Les maîtres de l’eau, de Francesco Masala

Il y a des îles qu’on envie. Tant que ça que ce fut le cas de la Sardaigne dominée d’abord par les Phéniciens, puis par les Romains, les Byzantins, puis durant quatre siècles sous la domination aragonaise, ensuite la domination espagnole, piémontaise. L’écrivain sarde Francesco Masala (1916-2007) s’intéresse à l’histoire hydrologique de la Sardaigne. Une histoire surprenante. Les raisons en sont à la fois socio-économiques et sacrées ; économiques, cela semble l’évidence même ; objet de culte c’est moins évident. Pourtant l’importance que la Sardaigne a attachée à ce phénomène traverse toute son histoire. Objet de culte, l’eau s’est révélée un problème primordial, une véritable religion. On s’adressait à des sorciers de villages pour faire pleuvoir. Il fallait étancher la soif des hommes et des champs. Plus tard, on a construit des lacs artificiels, des ponts, des aqueducs. Au XXe siècle, non sans de multiples tergiversations, nombreuses furent les mesures prises non sans retard. Si bien que Francesco Masala écrit : « capitalisme fasciste et capitalisme démocratique. Trouver la différence ». Lambiner fut presque un mot d’ordre pour trouver des solutions.

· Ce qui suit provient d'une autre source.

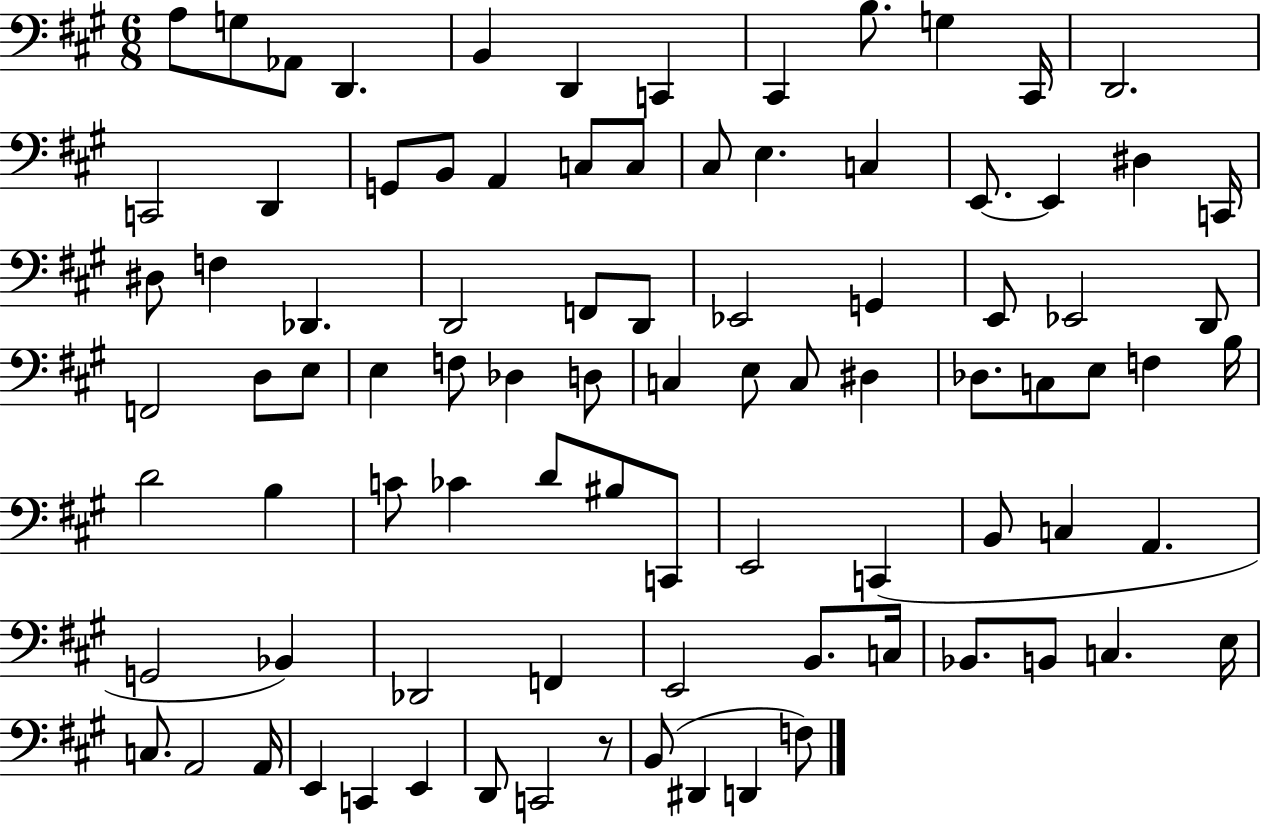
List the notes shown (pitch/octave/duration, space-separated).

A3/e G3/e Ab2/e D2/q. B2/q D2/q C2/q C#2/q B3/e. G3/q C#2/s D2/h. C2/h D2/q G2/e B2/e A2/q C3/e C3/e C#3/e E3/q. C3/q E2/e. E2/q D#3/q C2/s D#3/e F3/q Db2/q. D2/h F2/e D2/e Eb2/h G2/q E2/e Eb2/h D2/e F2/h D3/e E3/e E3/q F3/e Db3/q D3/e C3/q E3/e C3/e D#3/q Db3/e. C3/e E3/e F3/q B3/s D4/h B3/q C4/e CES4/q D4/e BIS3/e C2/e E2/h C2/q B2/e C3/q A2/q. G2/h Bb2/q Db2/h F2/q E2/h B2/e. C3/s Bb2/e. B2/e C3/q. E3/s C3/e. A2/h A2/s E2/q C2/q E2/q D2/e C2/h R/e B2/e D#2/q D2/q F3/e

D’abord les promesses, puis celles qui ont vu le jour tardivement ou n’ont pas été tenues sans penser que le temps n’attend personne. À ce propos, Francisco Masala se réfère au roman de Hermann Hesse Le jeu des perles de verre où la maîtrise d’éléments divers pour atteindre la durée des choses semble sans fin et donc illusoire. Le livre dépasse largement le problème de la Sardaigne. Francesco Masala pose les bonnes questions. C’est pourquoi son travail se présente comme une déclaration publique par laquelle il explique les raisons de conduite à tenir à l’égard d’un pouvoir.

 

Alfred Eibel.

Traduit de l’italien (Sardaigne) par Claude Schmitt.

Éditions de L’Harmattan, 76 p, 11,50 €.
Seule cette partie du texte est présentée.